View Full Version : Antonioni

05-07-2005, 10:27 AM
Anybody in London catch any of the season at the NFT? I saw three, L'Avventura, L'Eclisse and Red Desert (with Richard Harris) and was whelmed in a big way. That bleak, antiseptic, neurotic aesthetic: totally Ballard innit? All those factories, airstrips, radar stations, mysterious islands, desolate empty streetscapes and modernist apartments. The montage at the end of L'Eclisse predicts most of David Lynch. The way he uses sound too is very Lynchian: those strange extra-diegetic synthesized noises in Red Desert, anybody know who was responsible for those? Reminded me of Henri Chopin.

06-07-2005, 06:50 AM
I only seen 'L'Aventura' and 'the blow up'...Their impact is expanded when seen in the cinemah - and good drugs. But make sure you're awake as you could easily snooze off.

06-07-2005, 03:56 PM
dunno about that- went to see 'la notte' a couple of weeks ago and after 10 minutes thought 'oh no, i really am going to fall asleep through this'- and in the end i had stayed totally awake for the whole thing, interminable party scenes and all

i loved it (awesome modernist apartments), but do agree with something i read once about why people didn't 'get' antonioni in the USSR- 'why are all these rich people so bored?'

06-07-2005, 07:17 PM
it is a bit annoying how they are _all_ about rich people, i agree.
but at least these rich people outsiders to thier class normal, and at least some of them are sympathetic. its not wes anderson....
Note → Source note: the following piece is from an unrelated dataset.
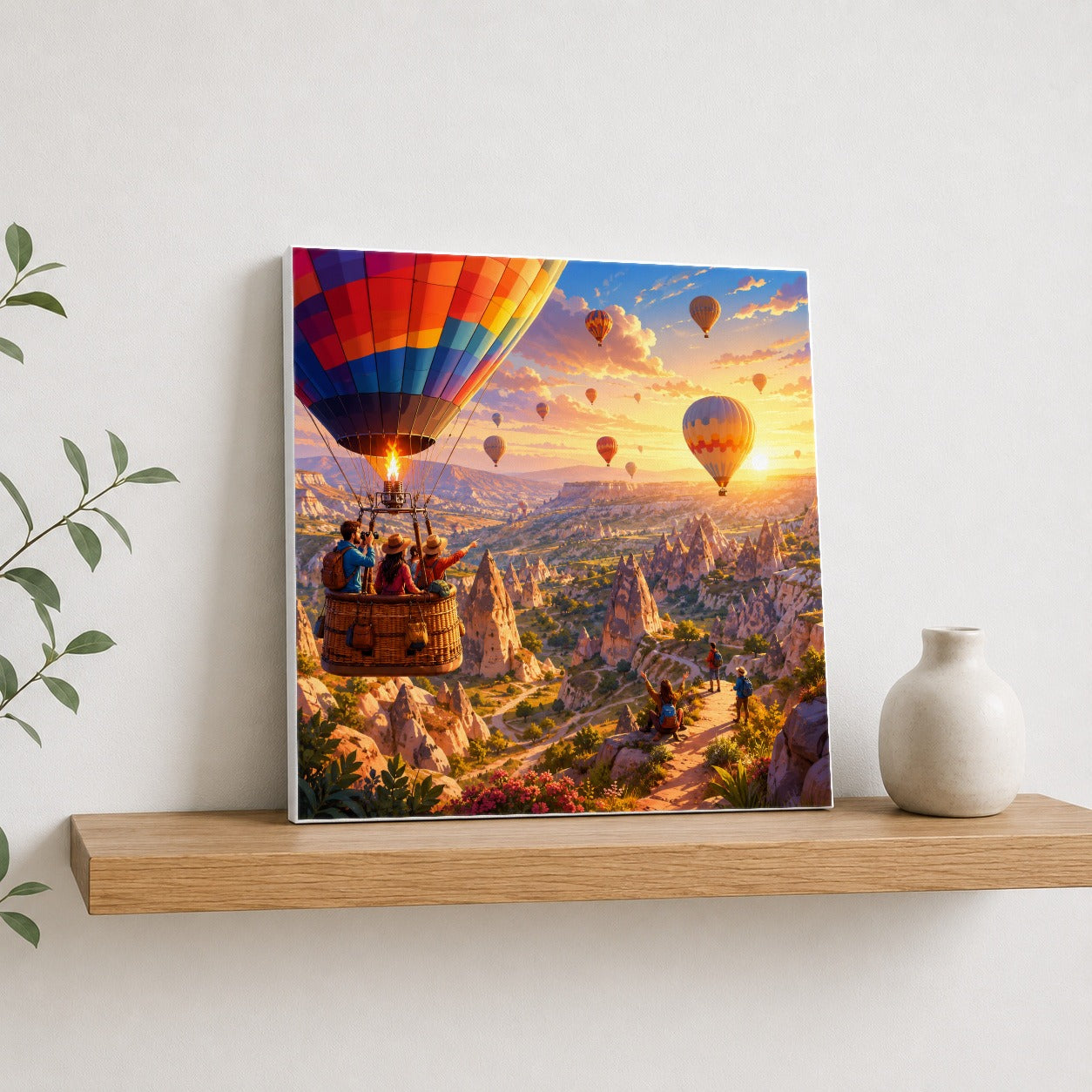 #pl[17x17 Inch|Multicolor] Hot Air Balloon Square Canvas Wall Art, Colorful Canyon Sunrise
i love the shot where vitti pulls open the curtains at the beginning of l'eclisse and theres that bizarre toadstool building (left over from musolinis attempt to build a worlds fair in suburban rome). the view is so strange and also strangely disappointing.
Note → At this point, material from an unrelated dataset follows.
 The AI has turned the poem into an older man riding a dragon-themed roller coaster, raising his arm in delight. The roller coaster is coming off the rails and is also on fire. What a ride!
i find his films like those long slow fall songs when you can feel your muscles willing the pace forward. if that makes any sense. not boring at all. your itching to get going but he holds you down, like being tied down at the best disco you've ever been to; uncomfortable, unexpected but you listen more attentively and you hear.

the red desert is incomprehensibly good as a first attempt at colour cinema. i really loved seeing that film.
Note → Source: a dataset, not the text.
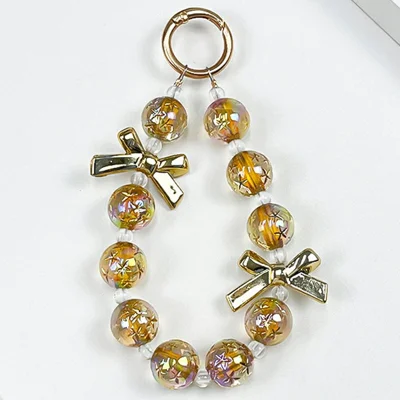 12cm Starry Bow Crystal Phone Chain Keychain Charm Iridescent Beads Wrist Strap with Tether Tab - Gold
i hate it when people say he is anti-modern, he has arguments against parts of 'modernity', but he's clearly fascinated as well. i like how deeply disappointed vitti is with alain delon's old fashioned appartment in l'eclisse.

ugh... uhhh too much

23-07-2005, 07:30 PM
i haven't seen l'eclisse -- and judging from everyone's top 10 lists, that's the one to see

i've rented l'avventura and the passenger, and i saw blow-up on big screen

not sure if i've seen any of his other stuff

but i love all that i've seen

(despite my complaints about The World, i tend to like slow-moving, meditative films that purport to reveal truth about the world -- claire denis, the new chinese films, etc -- that is, i'm a big fan of ambition on the big screen)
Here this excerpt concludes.